[leetcode #121] Best Time to Buy and Sell Stock

Problem

You are given an array prices where prices[i] is the price of a given stock on the ith day.

You want to maximize your profit by choosing a single day to buy one stock and choosing a different day in the future to sell that stock.

Return the maximum profit you can achieve from this transaction. If you cannot achieve any profit, return 0.

Example 1:

Input: prices = [7,1,5,3,6,4]
Output: 5
Explanation: Buy on day 2 (price = 1) and sell on day 5 (price = 6), profit = 6-1 = 5.
Note that buying on day 2 and selling on day 1 is not allowed because you must buy before you sell.

Example 2:

Input: prices = [7,6,4,3,1]
Output: 0
Explanation: In this case, no transactions are done and the max profit = 0.

Constraints:

・ 1 <= prices.length <= 10⁵
・ 0 <= prices[i] <= 10⁴

Idea

dp를 이용해 쉽게 풀 수 있는 문제다. 주어진 배열의 길이가 최대 10⁵가 될 수 있으므로 O(n²)으로 풀면 Time Limit Exceeded에 걸린다.
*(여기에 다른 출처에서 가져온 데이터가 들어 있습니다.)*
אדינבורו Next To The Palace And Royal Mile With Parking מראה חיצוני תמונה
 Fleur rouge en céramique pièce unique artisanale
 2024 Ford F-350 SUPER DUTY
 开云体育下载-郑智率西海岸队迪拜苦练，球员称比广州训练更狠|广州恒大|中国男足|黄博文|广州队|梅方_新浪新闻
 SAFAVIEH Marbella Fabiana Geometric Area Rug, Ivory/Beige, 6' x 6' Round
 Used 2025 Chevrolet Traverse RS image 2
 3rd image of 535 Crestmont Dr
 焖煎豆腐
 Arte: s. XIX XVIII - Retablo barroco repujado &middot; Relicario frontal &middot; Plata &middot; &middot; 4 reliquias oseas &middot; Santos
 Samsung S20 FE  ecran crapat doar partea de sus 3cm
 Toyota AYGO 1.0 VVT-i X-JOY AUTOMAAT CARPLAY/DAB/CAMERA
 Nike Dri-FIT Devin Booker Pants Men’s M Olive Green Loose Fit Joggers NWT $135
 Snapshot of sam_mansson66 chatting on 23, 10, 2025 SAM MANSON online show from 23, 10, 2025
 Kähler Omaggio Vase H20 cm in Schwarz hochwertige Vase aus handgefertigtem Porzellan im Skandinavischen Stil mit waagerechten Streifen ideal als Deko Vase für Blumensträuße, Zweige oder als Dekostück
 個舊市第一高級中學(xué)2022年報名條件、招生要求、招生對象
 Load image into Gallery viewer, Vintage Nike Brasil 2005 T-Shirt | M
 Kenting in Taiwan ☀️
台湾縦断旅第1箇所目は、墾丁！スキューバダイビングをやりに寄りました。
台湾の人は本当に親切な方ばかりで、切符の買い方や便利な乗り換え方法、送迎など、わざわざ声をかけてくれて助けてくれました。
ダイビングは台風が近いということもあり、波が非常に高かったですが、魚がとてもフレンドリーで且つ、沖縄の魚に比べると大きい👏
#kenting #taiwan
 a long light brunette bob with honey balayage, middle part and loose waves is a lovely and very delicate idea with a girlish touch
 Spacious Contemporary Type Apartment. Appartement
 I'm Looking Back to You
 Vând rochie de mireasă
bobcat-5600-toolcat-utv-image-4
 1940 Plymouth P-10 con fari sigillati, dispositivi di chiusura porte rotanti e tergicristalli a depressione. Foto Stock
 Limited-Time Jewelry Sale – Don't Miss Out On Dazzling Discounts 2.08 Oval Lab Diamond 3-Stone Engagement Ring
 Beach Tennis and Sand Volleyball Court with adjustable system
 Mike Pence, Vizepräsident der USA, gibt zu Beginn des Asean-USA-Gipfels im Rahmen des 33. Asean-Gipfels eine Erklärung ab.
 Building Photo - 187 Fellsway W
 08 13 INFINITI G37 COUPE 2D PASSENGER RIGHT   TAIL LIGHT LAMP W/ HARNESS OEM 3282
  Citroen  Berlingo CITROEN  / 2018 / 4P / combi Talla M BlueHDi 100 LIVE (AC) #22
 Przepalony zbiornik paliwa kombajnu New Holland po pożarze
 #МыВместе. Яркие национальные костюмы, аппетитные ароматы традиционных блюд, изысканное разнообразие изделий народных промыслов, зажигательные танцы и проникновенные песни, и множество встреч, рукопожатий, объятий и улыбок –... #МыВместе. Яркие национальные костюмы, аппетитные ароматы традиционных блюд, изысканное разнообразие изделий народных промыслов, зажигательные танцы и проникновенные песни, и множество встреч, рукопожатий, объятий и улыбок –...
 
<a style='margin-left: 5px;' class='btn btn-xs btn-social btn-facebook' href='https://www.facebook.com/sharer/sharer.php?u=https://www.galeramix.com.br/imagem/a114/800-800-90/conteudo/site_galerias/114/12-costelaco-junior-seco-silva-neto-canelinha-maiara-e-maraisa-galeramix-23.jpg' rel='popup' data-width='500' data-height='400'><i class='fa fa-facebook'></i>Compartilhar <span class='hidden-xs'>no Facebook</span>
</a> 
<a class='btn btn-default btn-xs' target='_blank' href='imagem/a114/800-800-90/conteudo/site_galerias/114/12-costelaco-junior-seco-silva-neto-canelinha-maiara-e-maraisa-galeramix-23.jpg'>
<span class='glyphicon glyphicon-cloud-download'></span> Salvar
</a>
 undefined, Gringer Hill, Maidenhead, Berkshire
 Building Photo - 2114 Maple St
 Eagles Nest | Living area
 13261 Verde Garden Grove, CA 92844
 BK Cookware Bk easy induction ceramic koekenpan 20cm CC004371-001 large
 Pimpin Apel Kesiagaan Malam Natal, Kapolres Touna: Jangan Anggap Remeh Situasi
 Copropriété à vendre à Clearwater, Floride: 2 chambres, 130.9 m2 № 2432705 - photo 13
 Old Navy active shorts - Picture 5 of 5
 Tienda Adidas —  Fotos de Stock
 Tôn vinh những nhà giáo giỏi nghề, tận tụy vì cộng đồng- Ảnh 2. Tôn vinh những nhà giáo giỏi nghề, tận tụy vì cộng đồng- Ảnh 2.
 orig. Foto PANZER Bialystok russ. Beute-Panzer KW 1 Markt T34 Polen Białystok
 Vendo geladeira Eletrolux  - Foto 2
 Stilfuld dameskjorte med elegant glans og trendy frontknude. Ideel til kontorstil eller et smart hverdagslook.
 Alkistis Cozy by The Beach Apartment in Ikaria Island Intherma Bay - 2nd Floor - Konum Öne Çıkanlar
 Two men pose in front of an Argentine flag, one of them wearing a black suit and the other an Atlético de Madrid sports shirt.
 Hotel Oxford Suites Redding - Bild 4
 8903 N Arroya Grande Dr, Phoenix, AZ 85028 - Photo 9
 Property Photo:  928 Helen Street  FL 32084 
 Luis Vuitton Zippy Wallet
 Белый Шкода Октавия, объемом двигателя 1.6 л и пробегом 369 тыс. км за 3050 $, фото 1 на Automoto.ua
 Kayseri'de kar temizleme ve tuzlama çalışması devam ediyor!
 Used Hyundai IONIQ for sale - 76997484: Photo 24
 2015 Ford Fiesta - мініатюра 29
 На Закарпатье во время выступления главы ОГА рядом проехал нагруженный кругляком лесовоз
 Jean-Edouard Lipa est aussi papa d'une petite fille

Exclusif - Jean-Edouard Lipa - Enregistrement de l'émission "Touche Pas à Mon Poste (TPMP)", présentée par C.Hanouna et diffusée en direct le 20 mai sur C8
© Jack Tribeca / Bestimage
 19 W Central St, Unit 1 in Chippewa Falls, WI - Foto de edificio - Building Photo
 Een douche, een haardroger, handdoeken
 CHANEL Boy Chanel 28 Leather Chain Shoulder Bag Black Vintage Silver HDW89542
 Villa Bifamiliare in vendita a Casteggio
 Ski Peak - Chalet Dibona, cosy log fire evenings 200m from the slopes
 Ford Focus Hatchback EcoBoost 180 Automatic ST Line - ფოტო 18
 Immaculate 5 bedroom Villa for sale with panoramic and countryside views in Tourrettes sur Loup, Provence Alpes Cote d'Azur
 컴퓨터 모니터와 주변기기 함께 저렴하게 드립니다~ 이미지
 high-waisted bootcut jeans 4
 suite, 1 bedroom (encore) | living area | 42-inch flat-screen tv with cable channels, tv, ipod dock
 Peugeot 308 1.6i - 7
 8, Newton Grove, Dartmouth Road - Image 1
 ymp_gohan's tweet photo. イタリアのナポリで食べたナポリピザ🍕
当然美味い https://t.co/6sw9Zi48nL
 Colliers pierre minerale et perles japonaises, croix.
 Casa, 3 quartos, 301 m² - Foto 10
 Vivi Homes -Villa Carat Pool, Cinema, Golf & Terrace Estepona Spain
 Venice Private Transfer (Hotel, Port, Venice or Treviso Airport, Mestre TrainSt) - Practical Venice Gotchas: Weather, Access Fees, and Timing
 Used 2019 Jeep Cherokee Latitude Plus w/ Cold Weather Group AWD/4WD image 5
dp 배열의 크기는 2로 하고, 0번째 index 값은 주식을 들고 있지 않을 때 최대값, 1번째 index 값은 주식을 들고 있을 때 최대값으로 설정한다. 주식 배열을 돌 때마다 dp[0]을 최대값과 비교해 더 크면 최대값으로 바꿔준다.

Time Complexity: O(n)
Space Complexity: O(1)

Solution

class Solution {
    public int maxProfit(int[] prices) {
        int[] dp = new int[]{Integer.MIN_VALUE, Integer.MIN_VALUE};
        int res = 0;

        for (int price : prices) {
            dp[0] = Math.max(price + dp[1], res);
            dp[1] = Math.max(-price, dp[1]);
            res = Math.max(dp[0], res);
        }

        return res;
    }
}

Reference

https://leetcode.com/problems/best-time-to-buy-and-sell-stock/